TASK GOAL: Every line from the one with "Property at 9850" through the end of the entries below must be retyped exactly, and only those lines. The pictures are not part of the copy.

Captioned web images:
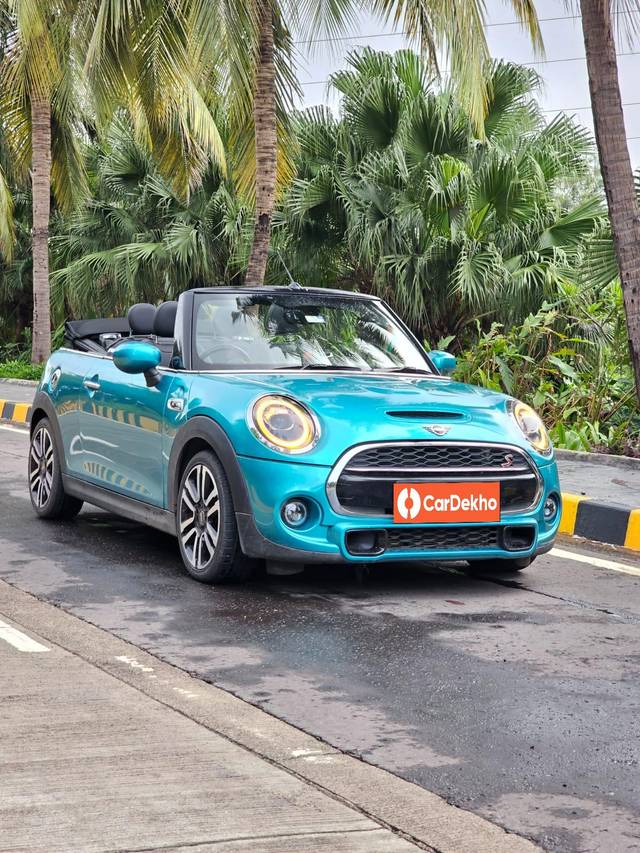 https://images10.gaadi.com/usedcar_image/3656849/original/processed_img2908196__usedcar_d5bbb36b_be8b_44f1_ac7e_deaa374a2b1f_5731699166460_1699166473.jpg?imwidth=6400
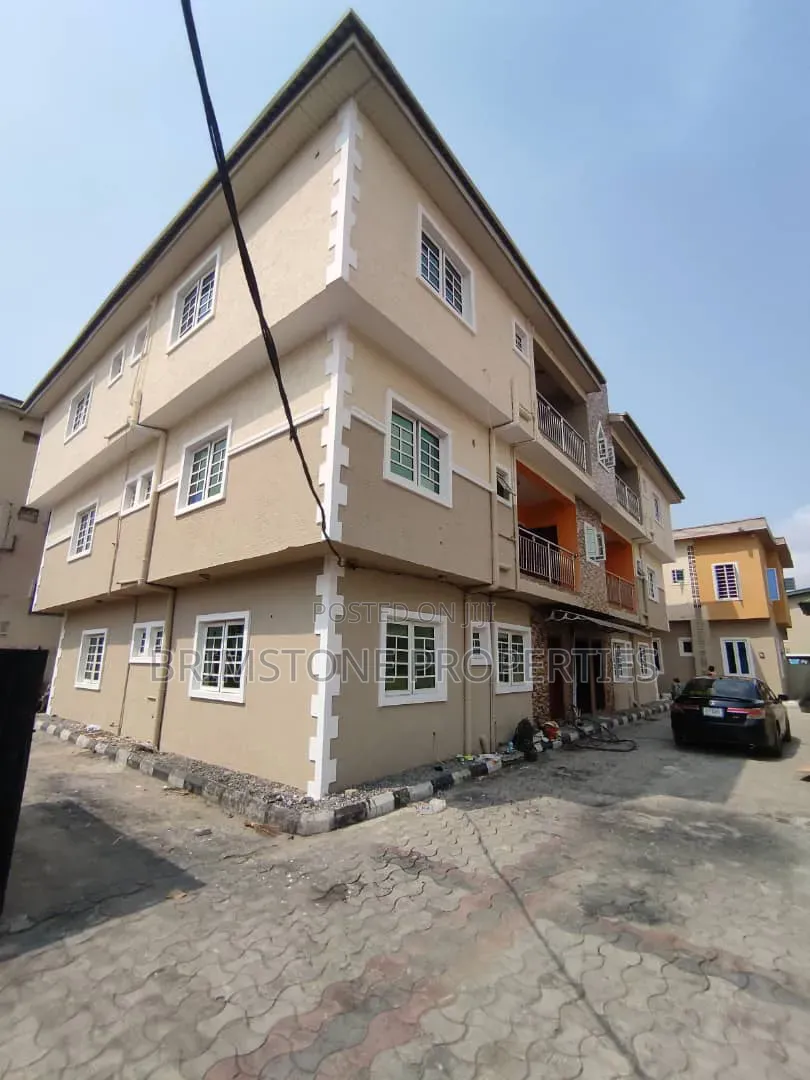 Furnished 2bdrm Apartment in Osapa london for rent in Osapa london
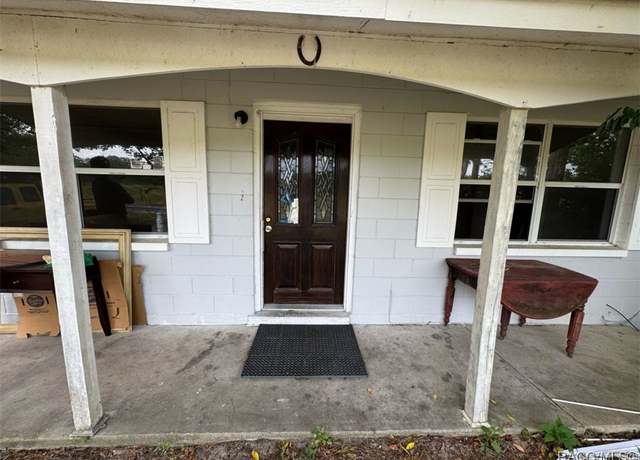 Property at 9850 W Pomegranate St, Crystal River, FL 34428, 2 beds, 2 baths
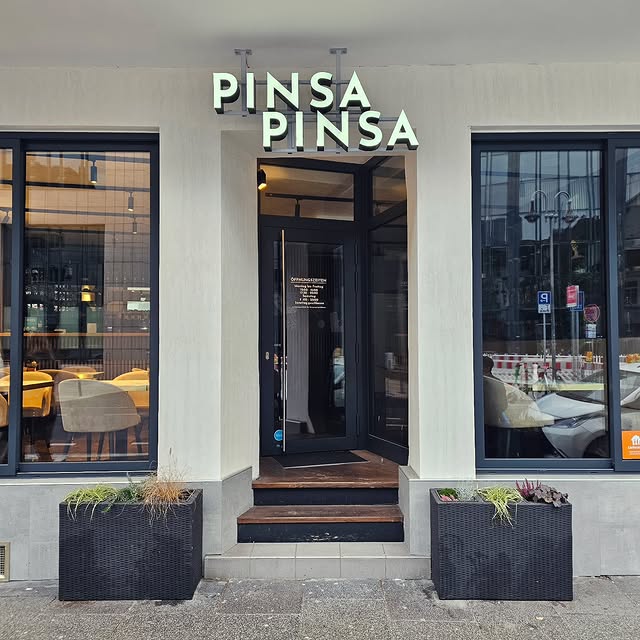 Pinsa &amp; Dessert für 2 Personen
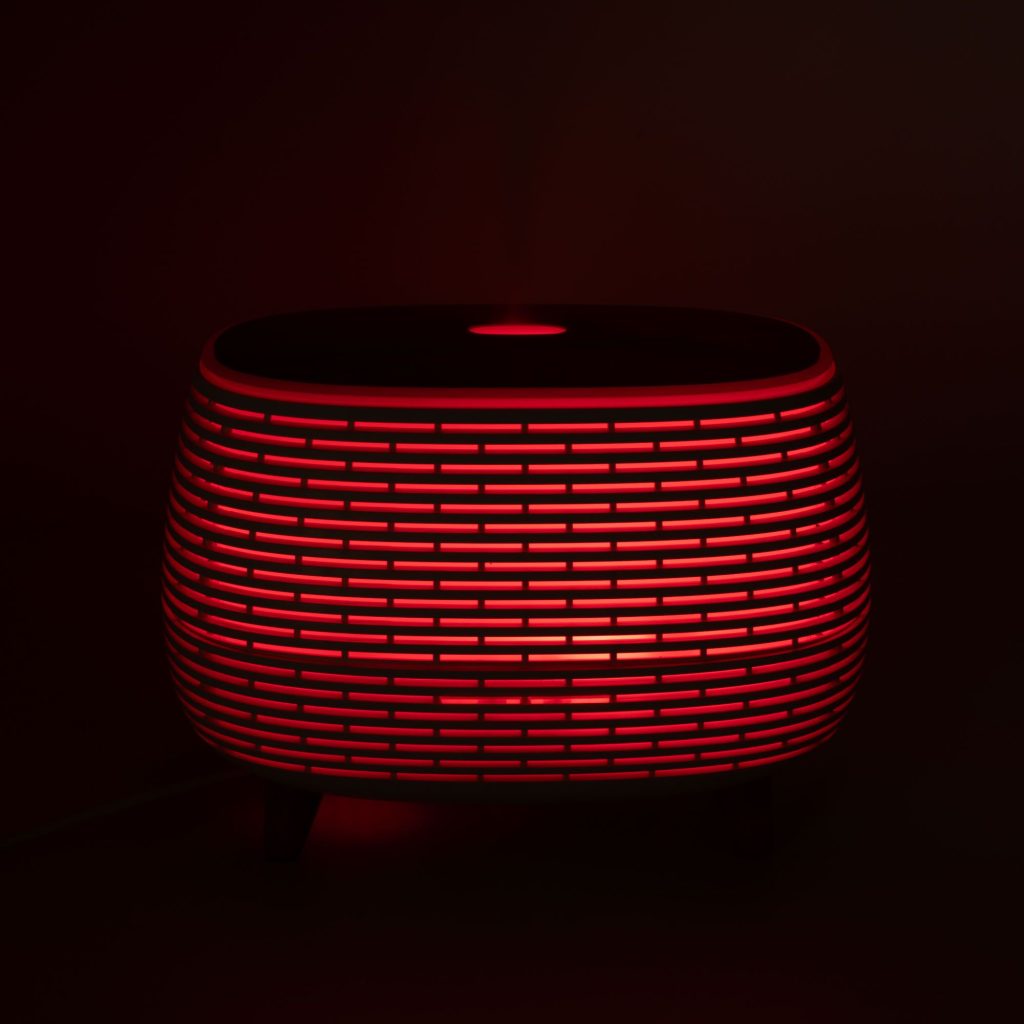 Futuristic Ribbed Aromadiffuser Med Farveskiftende Light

ANSWER BOX:
 Property at 9850 W Pomegranate St, Crystal River, FL 34428, 2 beds, 2 baths
 Pinsa &amp; Dessert für 2 Personen
 Futuristic Ribbed Aromadiffuser Med Farveskiftende Light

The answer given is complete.